### MATERIAL FOR THIS TASK
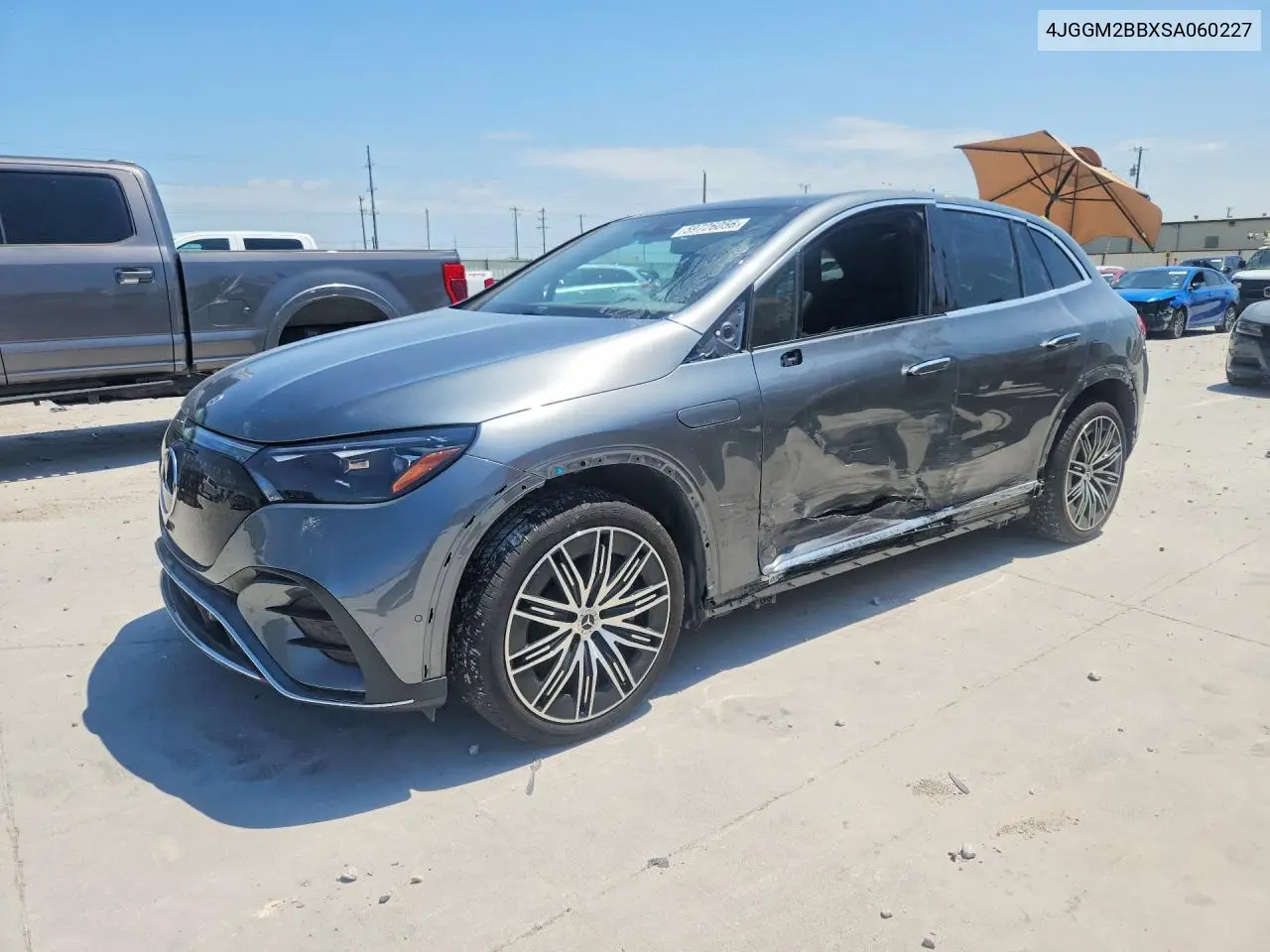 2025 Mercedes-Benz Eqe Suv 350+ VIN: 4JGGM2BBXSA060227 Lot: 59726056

---

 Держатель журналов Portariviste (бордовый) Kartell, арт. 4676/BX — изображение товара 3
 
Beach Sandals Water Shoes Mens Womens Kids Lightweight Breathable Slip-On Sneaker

### WHAT THIS TASK INVOLVES
The lines above starting at the one that contains "Держатель журналов Portariviste" and ending at the one that contains "Beach Sandals Water" must be transcribed exactly, and no other lines may appear.

### TASK RESULT
 Держатель журналов Portariviste (бордовый) Kartell, арт. 4676/BX — изображение товара 3
 
Beach Sandals Water Shoes Mens Womens Kids Lightweight Breathable Slip-On Sneaker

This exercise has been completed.